Ebbene, nel caso in esame, il ricorrente aveva proposto opposizione al decreto ingiuntivo intimatogli da uno studio legale e da un suo associato, per il mancato pagamento delle prestazioni professionali rese in sua difesa in una complessa ed annosa vicenda che lo aveva visto contrapposto ad una s.r.l., per un credito nascente da un riconoscimento di debito del 1975 pari a 78.400.000 di lire.

In particolare, l’opponente aveva dedotto la responsabilità del difensore per non avere adeguatamente eccepito, nel controricorso in Cassazione, il giudicato che copriva dedotto e deducibile in relazione al credito nei confronti della società, per la mancata impugnazione del capo della sentenza della corte d’appello che statuiva la compensazione delle spese e per non aver segnalato la possibilità di azionare la tutela risarcitoria contro lo Stato ai sensi della L. 117/88.

Quanto al primo profilo, il ricorrente aveva provato il conferimento del mandato al professionista.

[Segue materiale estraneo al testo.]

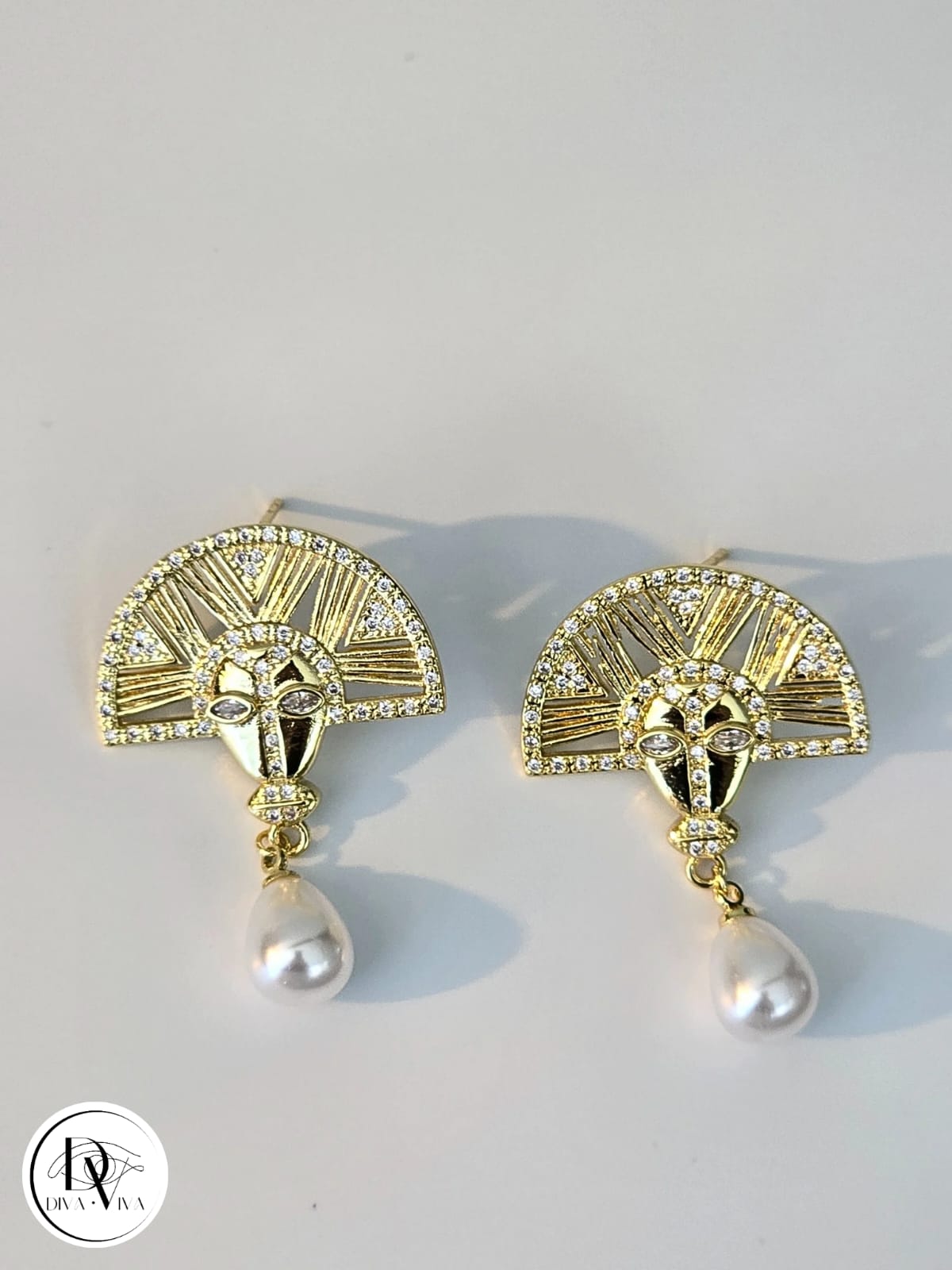 Glow Earrings – Gold Kaplama İnci Detaylı Küpe (KOD-319)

Tanto premesso, il Tribunale di Milano ha rigettato l’opposizione perché infondata.

Nessuna responsabilità – ad avviso del giudice meneghino – era addebitabile al professionista, il quale aveva correttamente svolto l’incarico professionale. Al riguardo la Suprema Corte ha precisato che “ove anche risulti provato l’inadempimento del professionista alla propria obbligazione, per negligente svolgimento della prestazione, il danno derivante da eventuali sia omissioni deve ritenersi sussistente solo qualora, sulla scorta di criteri probabilistici, si accerti che, senza quell’omissione, il risultato sarebbe stato conseguito (Cass. n. 22026/04; n. 10966/04; n. 9917/2010).  

Ad ogni modo, l’opponente aveva altresì “denunciato” la clausola “success fee” proposta dall’avvocato al momento del conferimento dell’incarico e da questi pacificamente accettata, per il tramite della moglie.

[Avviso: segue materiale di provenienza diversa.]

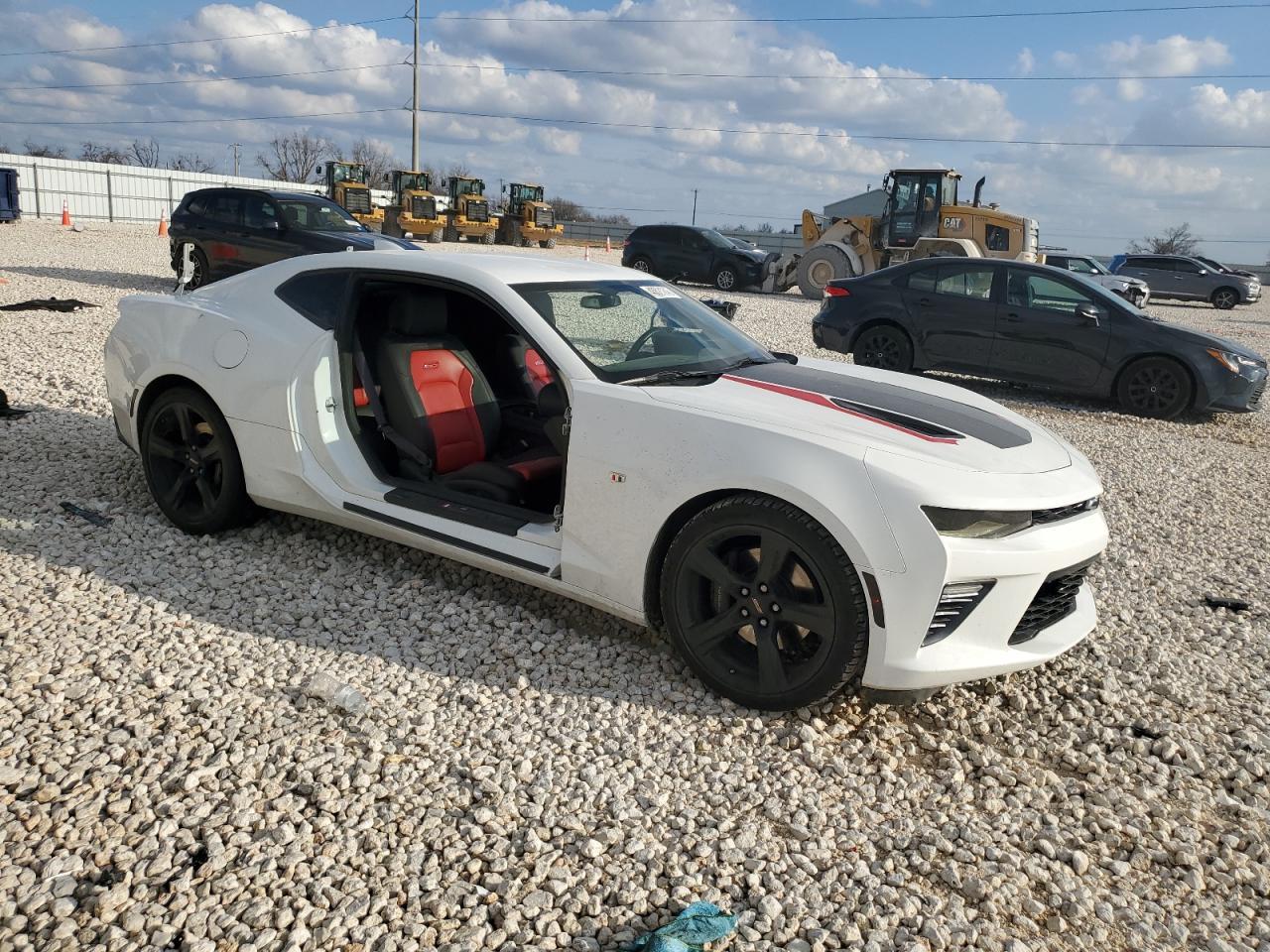 2016 CHEVROLET CAMARO SS - Image 4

Ad avviso del cliente tale clausola costituiva patto di quota lite, come tale vietato ai sensi dell’art. 1261 c.c. e quindi, nullo ex art. 1218 c.c.

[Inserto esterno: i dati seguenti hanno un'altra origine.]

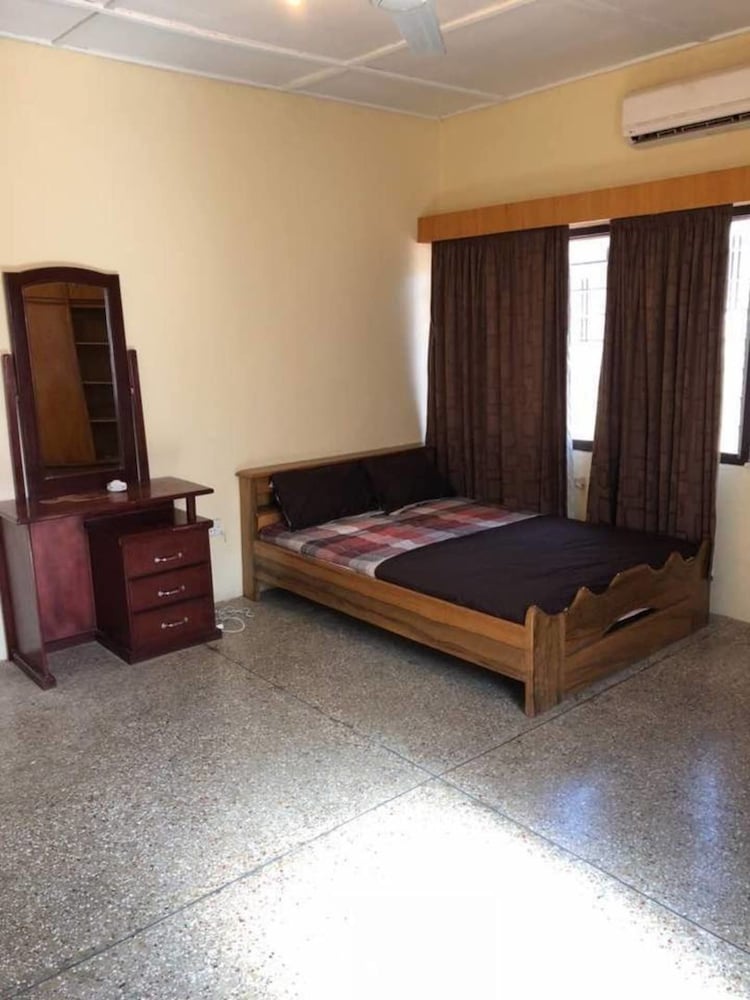3 Bed House Sleeps 6 - Parking, Wifi, Generator view 4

In proposito la Corte di Cassazione ha evidenziato che (anche prima dell’entrata in vigore della L. n. 246/06) “in tema di compensi professionali, non sussiste il patto di quota lite, vietato dal terzo comma dell’art. 2233 c.c., non solo nel caso di convenzione che preveda il pagamento al difensore sia in caso di vittoria che di esito sfavorevole della causa, di una somma di denaro (anche se in percentuale all’importo, riconosciuto in giudizio alla parte) non in sostituzione, bensì in aggiunta all’onorario, a titolo di premio (cosiddetto palmario), o di compenso straordinario per l’importanza e difficoltà della prestazione professionale, ma anche quando la pattuizione del compenso al professionista, ancorché limitato agli acconti versati, sia sostanzialmente, seppur implicitamente, collegata all’importanza delle prestazioni professionali od al valore della controversia e non in modo totale o prevalente all’esito della lite” (Cass. n. 6519/12). Deve comunque trattarsi di compenso aggiuntivo, non sostitutivo, qualificabile come “palmario”, cioè di premio pattuito in aggiunta al compenso tariffario.

Peraltro, successivamente le Sezioni Unite si sono espresse nel senso che anche “l’aleatorietà del patto di quota lite non ne impedisce la valutazione di equità ai fini disciplinari, in quanto l’art. 45 del codice deontologico forense, nel testo deliberato il 18 gennaio 2007, vieta l’accordo quotalizio che prevede un compenso sproporzionato per eccesso rispetto alla tariffa di mercato, tenuto conto dei fattori rilevanti, quali il valore e la complessità della lite e la natura del servizio professionale, comprensivo dell’assunzione del rischio”.

La decisione

Ebbene, nel caso in esame, il Tribunale di Milano ha ritenuto che la pretesa azionata dallo studio e dal suo associato non fosse sproporzionata, tenuto conto del valore della controversia, del risultato comunque raggiunto, della quantità e dell’importanza delle prestazioni richieste riguardanti molteplici controversie di diversa natura e oggetto; per queste ragioni il decreto opposto è stato confermato.